Greenfields agreement
(3) A greenfields agreement is made when it has been signed by each employer and each relevant employee organisation that the agreement is expressed to cover (which need not be all of the relevant employee organisations for the agreement).
12 Section 185 provides that a bargaining representative must apply for the Fair Work Commission's approval of an enterprise agreement that has been "made". That section provides as follows:
Application for approval
(1) If an enterprise agreement is made, a bargaining representative for the agreement must apply to the FWC for approval of the agreement.
(1A) Despite subsection (1), if the agreement is a greenfields agreement, the application must be made by:
(a) an employer covered by the agreement; or
(b) a relevant employee organisation that is covered by the agreement.
Material to accompany the application
(2) The application must be accompanied by:
(a) a signed copy of the agreement; and
(b) any declarations that are required by the procedural rules to accompany the application.
When the application must be made
(3) If the agreement is not a greenfields agreement, the application must be made:
(a) within 14 days after the agreement is made; or
(b) if in all the circumstances the FWC considers it fair to extend that period - within such further period as the FWC allows.

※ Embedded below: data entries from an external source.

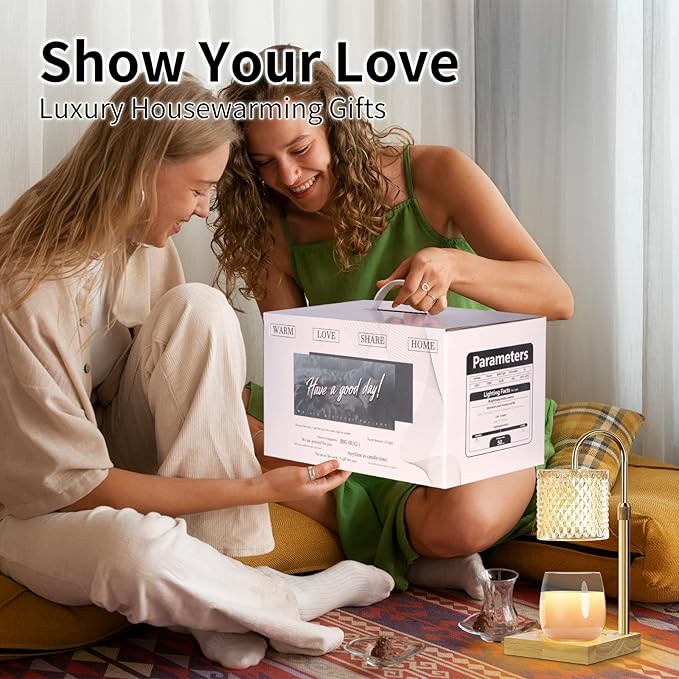 Candle Warmer Lamp, Candle Lamp Wax Warmer, Timer & Dimmer 7-Levels, Fits Cup Jar Candle, Top Melting, Crystal Heater Lamp for Scented Wax, Elegant Home Decor, Brass Glass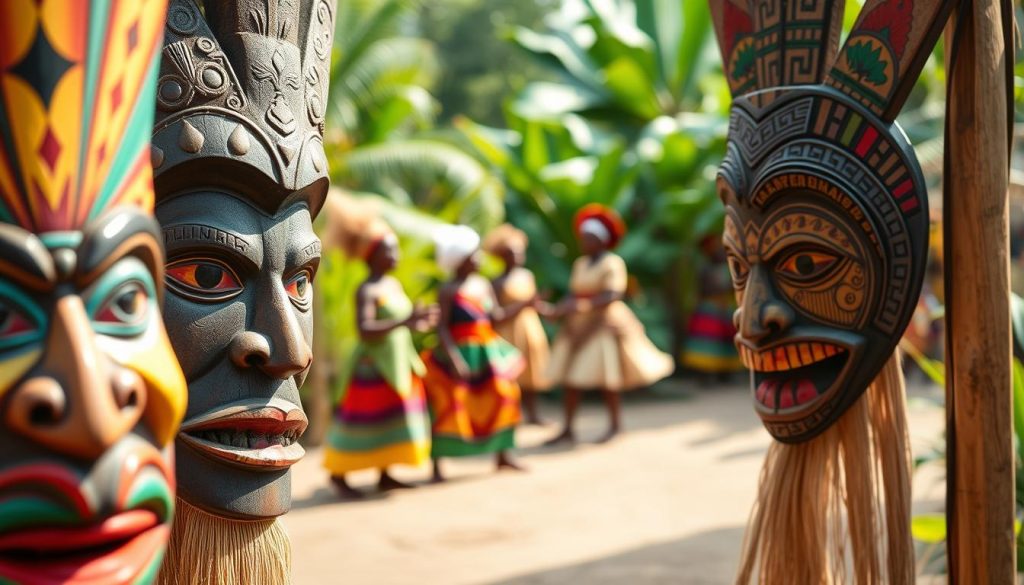 Cote d'Ivoire culture masks: A vibrant display of tradition and artistry. In the foreground, intricately carved wooden masks with bold, colorful patterns and expressive features come to life, their intricate details captured under warm, natural lighting. In the middle ground, dancers adorned in traditional costumes sway rhythmically, their movements evoking the rich cultural heritage. The background features a lush, vibrant backdrop, hinting at the lush, tropical environment of Cote d'Ivoire. The overall scene radiates an atmosphere of celebration, community, and a deep connection to the land and its people.
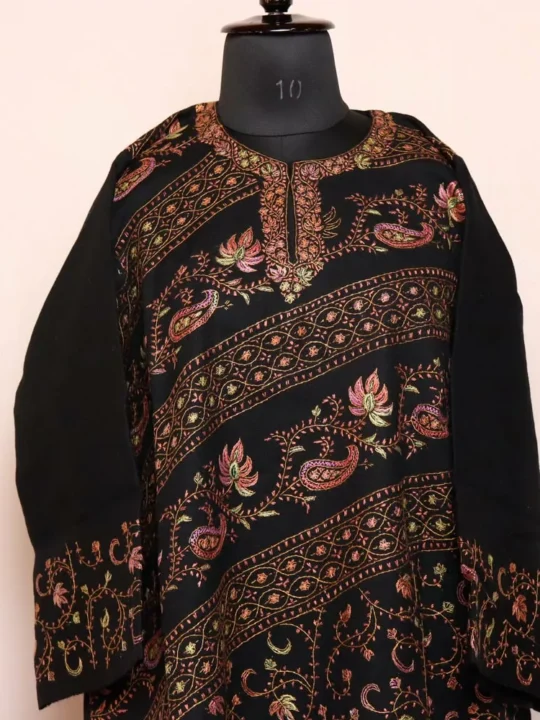 Black Full Jaldar Sozni Handwork Pheran - Pure Wool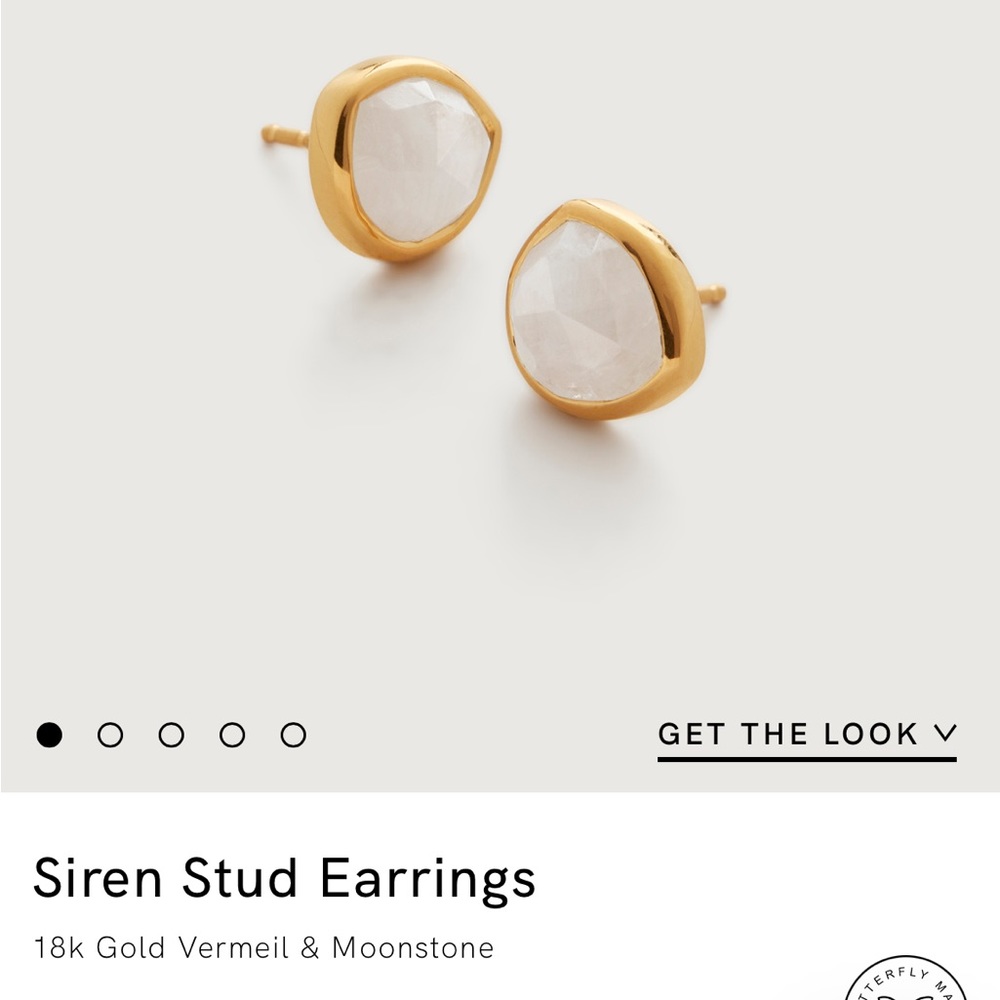 Monica Vinader Siren Studs Pair - 18k Gold Vermeil and Moonstone.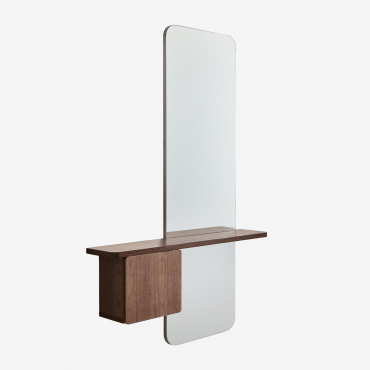 Entry Console 80x120 Cm In Mdf With Varna Mirror Brown Dark Brown Wood - Sklum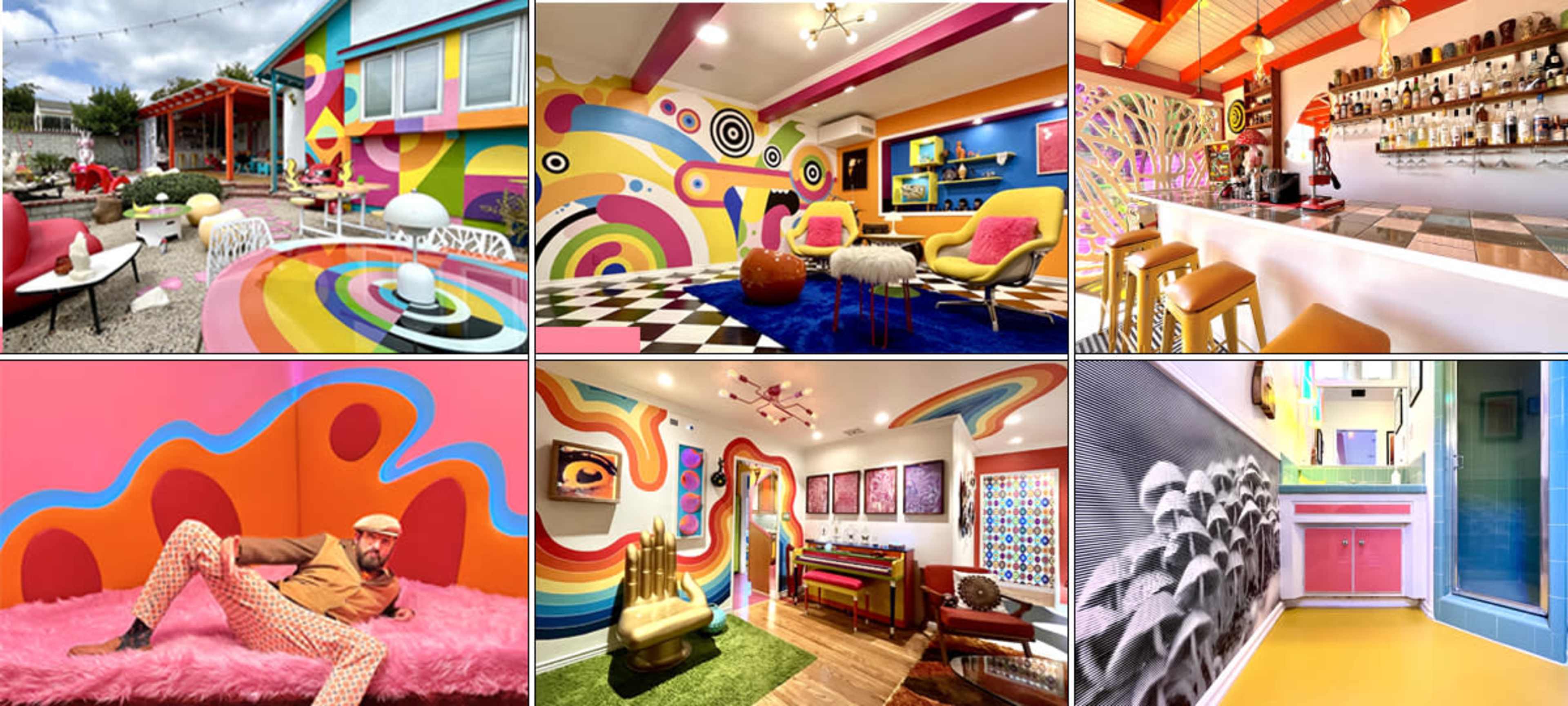 The images showcase a vibrant, multicolored retro-themed space featuring bold geometric patterns and playful decor elements in various rooms and outdoor areas.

(4) If the agreement is a greenfields agreement, the application must be made within 14 days after the agreement is made.
Signature requirements
(5) The regulations may prescribe requirements relating to the signing of enterprise agreements.

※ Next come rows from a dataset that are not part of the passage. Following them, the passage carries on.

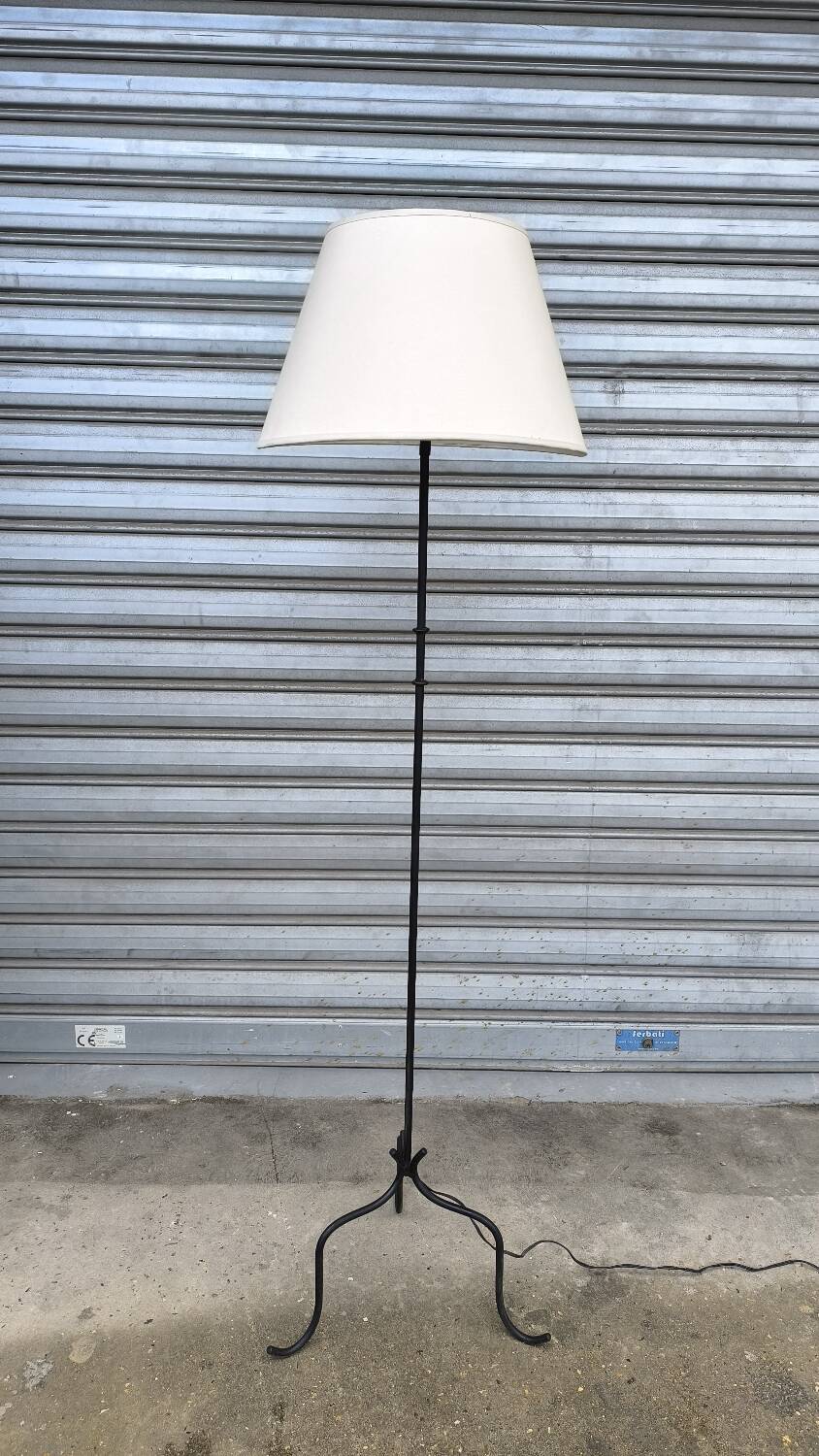 1950s wrought iron tripod floor lamp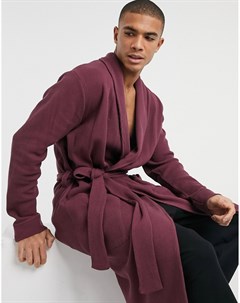 Бордовый халат для дома из вафельного трикотажа Asos design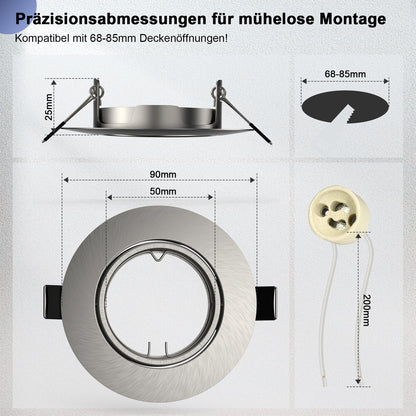 Wondlumi Spot GU10 Rund Schwenkbar Edelstahl Gebürstet 20er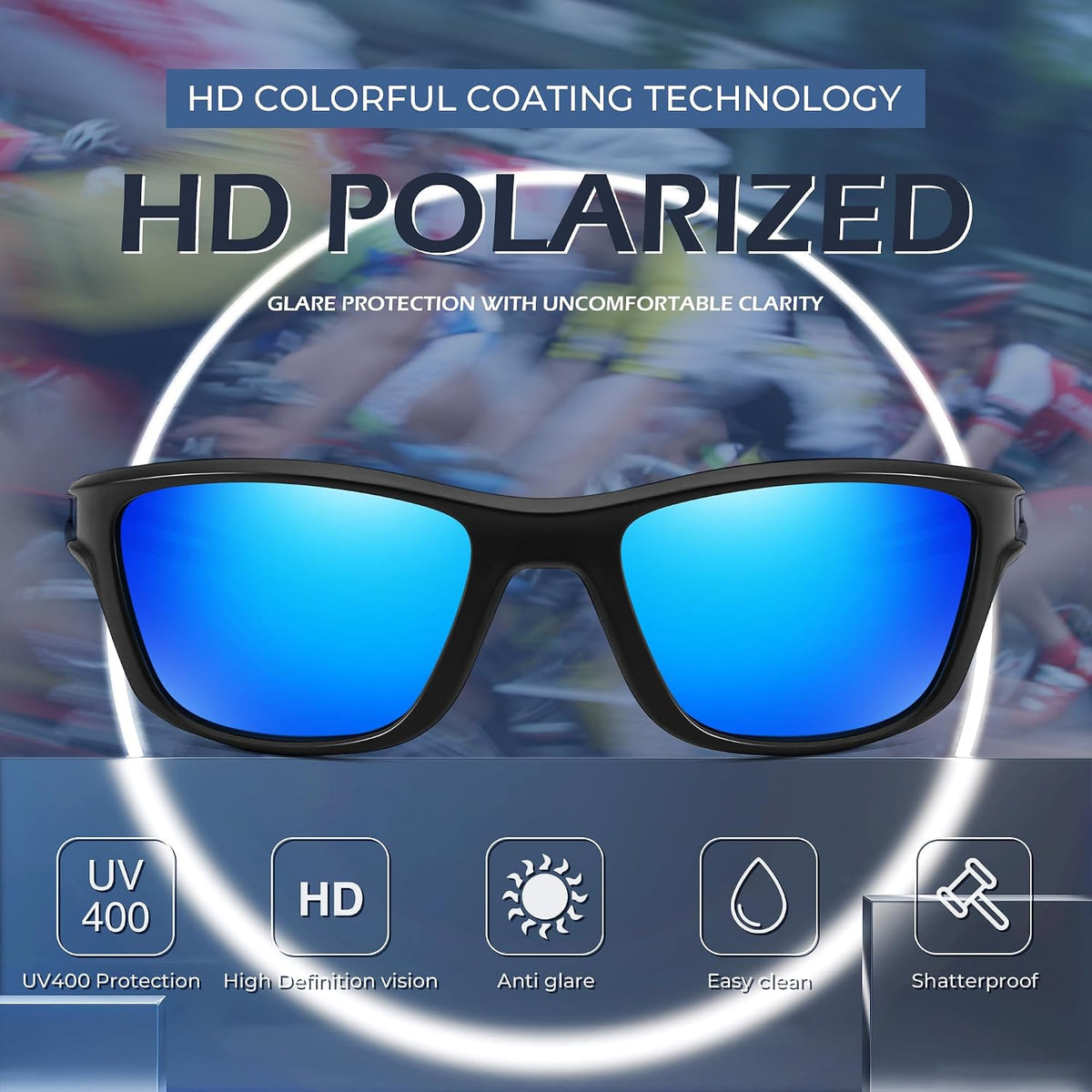 ÉÌƷͼƬ 3 | B0CTXW1SQG | FEISEDY Sports Polarized Sunglasses For Men Women Cycling Driving Fishing Running UV400 Protection B0125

Further to s 185(2)(a), reg 2.06A(2) of the Fair Work Regulations 2009 (Cth) provides as follows:
For paragraph 185(2)(a) of the Act, a copy of an enterprise agreement is a signed copy only if:
(a) it is signed by:
(i) the employer covered by the agreement; and
(ii) at least 1 representative of the employees covered by the agreement; and
(b) it includes:
(i) the full name and address of each person who signs the agreement; and
(ii) an explanation of the person's authority to sign the agreement.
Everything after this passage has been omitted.